Monday, July 29, 2013

'CINTA AKSARA' | pameran tunggal lukis kaca Rina Kurniyati






CITRA KEHIDUPAN PADA LUKISAN KACA

Ada yang berbeda  pada bidang-bidang lukisan karya Rina Kurniyati. Ia menggunakan kaca sebagai bidang gambar.  Kita mengenal dan menyebut karya semacam ini sebagai seni lukis kaca.

Seni lukis kaca adalah lukisan menggunakan kaca sebagai bidang gambar. Cara melukisnya menggunakan prinsip ‘terbalik’. Dimulai dari membuat pola, kemudian mewarnai bagian belakang kaca. Menggunakan cat dengan kadar minyak sesedikit mungkin. Tentu saja lukisan dengan media kaca akan memberi sensasi visual yang menarik  dan menawarkan cara melihat yang berbeda dibandingkan ketika kita melihat karya dengan medium lain seperti kanvas. Kaca mempunyai tingkat kekinclongan yang tinggi.

Beberapa catatan menyebutkan seni lukis kaca dibawa ke Indonesia bersamaan dengan kedatangan bangsa asing di bumi nusantara, di antaranya para pedagang Arab, India, Cina, Portugis dan Belanda. Berkembang ketika jaman penjajahan Belanda. Lukis kaca banyak dibuat oleh masyarakat umum karena bahannya yang terbilang murah. Lukis kaca biasanya menghadirkan kisah-kisah dalam pewayangan atau cerita-cerita rakyat yang sudah populer. Saat ini sentra-sentra lukisan kaca  masih banyak ditemui di daerah Cirebon, Bali, Jawa Tengah, Yogyakarta.

Lalu, siapakah Rina Kurniyati? Rina Kurniyati lahir pada tanggal 23 Maret 1975 dari pasangan Bapak Daliman dan ibu RA Sulastri. Ia lahir di Kopeng sebuah daerah perbatasan antara Magelang dan Salatiga, yang berhawa dingin karena terletak tepat di lereng Gunung Merbabu. Anak kedua dari tiga bersaudara.

Pada usia dua tahun, setelah ibunya yang berprofesi sebagai seorang bidan meninggal, Rina diasuh dan tinggal bersama budhe nya di Jalan Pramuka, Yogyakarta. Masa kecilnya dihabiskan di Yogyakarta. Hal yang terekam jelas diingatannya adalah ketika bepergian bersama pakdhe dan budhenya menaiki vespa! Ia berdiri di depan berpegangan pada stang vespa. Karenanya ia bisa dengan leluasa melihat pemandangan.
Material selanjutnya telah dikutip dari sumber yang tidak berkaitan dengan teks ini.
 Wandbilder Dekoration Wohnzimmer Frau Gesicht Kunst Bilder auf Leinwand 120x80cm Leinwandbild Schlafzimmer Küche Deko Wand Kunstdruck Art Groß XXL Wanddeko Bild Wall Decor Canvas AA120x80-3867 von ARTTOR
Rina Kurniyati tidak pernah secara khusus mengenyam pendidikan formal seni rupa. Ia lulus dari SD Kotagede 3 kemudian melanjutkan ke SMP Plered dan SMA N 8 Yogyakarta. Keinginan keluarganya agar ia menjadi pegawai negeri membawanya ke Bandung untuk bersekolah di Sekolah Tinggi Kesejahteraan Sosial (STKS). Di kota inilah ia bertemu dengan laki-laki yang kelak menjadi suaminya, Mikke Susanto.  Akhirnya ia menikah dan dikaruniai dua orang anak laki-laki, Abad dan Bintang.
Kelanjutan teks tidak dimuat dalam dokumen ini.